Option A: Word Alignment
Implement IBM Model 1, trained using stochastic gradient ascent (SGA) as described in the notes. (If you consult other sources, they will almost certainly use a different method, expectation-maximization. If you implement that instead, it's fine too.)
The model can be written as:
$$P(\mathbf{f} \mid \mathbf{e}) = \frac1{100} \times \prod_{j=1}^m \frac1{\ell+1} \left(t(f_j \mid \text{NULL}) + \sum_{i=1}^\ell t(f_j \mid e_i)\right).$$
(Compare the algorithm on pages 60–61 in the notes, which computes this.) The $t(f \mid e)$, in turn, are defined in terms of unconstrained parameters $\lambda(f \mid e)$:
$$t(f \mid e) = \frac{\exp \lambda(f \mid e)}{\sum_{f'} \exp \lambda(f' \mid e)}. $$
- The model awakens
- Write code to read in
episode1.zh-en
.2 It contains one sentence pair per line, with the Chinese and English versions separated by a tab (\t
). Both sides have been tokenized. Below, we assume that a fake word $\text{NULL}$ is prepended to every English sentence, so that $e_0 = \text{NULL}$.
- Write code to create the data structure(s) to store the model parameters $\lambda(f\mid e)$.2
Initialize them all to zero. Important: You only need a $\lambda(f \mid e)$ for every Chinese word $f$ and English word $e$ that occur in the same line. If $f$ and $e$ never occur in the same line, don't create $\lambda(f \mid e)$. This will save you a lot of memory and time.
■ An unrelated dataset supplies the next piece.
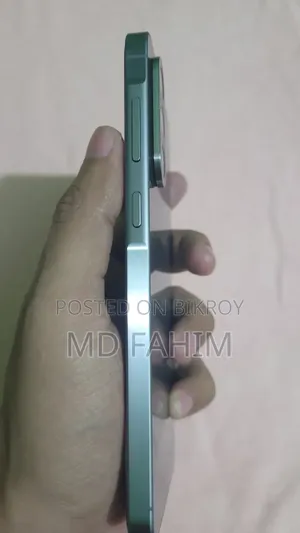 Samsung Galaxy A56 256 GB Gray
- Write code to compute, for any sentence pair, $\log P(\mathbf{f} \mid \mathbf{e})$ according to the above formulas and the algorithm on pages 60–61.3
With the $\lambda(f \mid e)$ initialized to zero, report $\log P(\mathbf{f} \mid \mathbf{e})$ for the first five lines of episode1.zh-en
.3
- Train the model you must
- Write code to maximize $\log P(\mathbf{f} \mid \mathbf{e})$ by SGA.3
Unfortunately, it's not convenient to use Autograd, so we've derived the gradient for you. Here is the pseudocode for SGA:
- for $t \leftarrow 1, \ldots, T$ do
- $\eta \leftarrow 1/t$ # this worked pretty well for us, but you can experiment
- $LL \leftarrow 0$
- randomly shuffle training data # you can experiment with this too
- for $\mathbf{f}, \mathbf{e}$ in training data do
- $LL \leftarrow LL + \log P(\mathbf{f} \mid \mathbf{e})$
- for $j \leftarrow 1, \ldots, m$ do
- $Z \leftarrow t(f_j \mid \text{NULL}) + \sum_{i'=1}^\ell t(f_j \mid e_{i'})$
- for $i \leftarrow 0, \ldots, \ell$ do
- $p \leftarrow t(f_j \mid e_i)/Z$ # probability that $f_j$'s partner is $e_i$
- $\lambda(f_j \mid e_i) \leftarrow \lambda(f_j \mid e_i) + \eta p$
- for all $f$
- $\lambda(f \mid e_i) \leftarrow \lambda(f \mid e_i) - \eta p \cdot t(f \mid e_i)$
- Train the model. Report the log-likelihood $\sum_{\mathbf{f}, \mathbf{e}} \log P(\mathbf{f} \mid \mathbf{e})$, after each pass through the data.1 It should increase (almost) every time.3
- After training, report $t(f \mid e)$ (not $\lambda(f \mid e)$) for the following (correct) word pairs:3
English $e$ | Chinese $f$ |
jedi | 绝地 |
droid | 机械人 |
force | 原力 |
midi-chlorians | 原虫 |
yousa | 你 |
- Test the model. Or test not. There is no try
- Write code that, for every sentence pair, finds the best alignment according to the model, which is, for each $j$:
$$\DeclareMathOperator*{\argmax}{arg~max} a_j = \argmax_{0 \leq i \leq \ell} t(f_j \mid e_i).$$
Print the (non-NULL) alignments in the same format as
episode1.align
.3 For example:
0-1 2-0
means that Chinese word 0 is aligned to English word 1, Chinese word 1 is unaligned (aligned to NULL), and Chinese word 2 is aligned to English word 0.
Report your alignments for the first five lines of episode1.zh-en
.3
- Evaluate your alignments against
episode1.align
using the command
align-f1.py your_alignments episode1.align
Report your F1 score. It should be at least 50%.4
Option B: Syntax-Based Translation
Coming soon!
Submission
Please submit all of the following in a gzipped tar archive (.tar.gz or .tgz; not .zip or .rar) via Sakai:
- A PDF file (not .doc or .docx) with your responses to the instructions/questions above.
- All of the code that you wrote.
- A README file with instructions on how to build and run your code.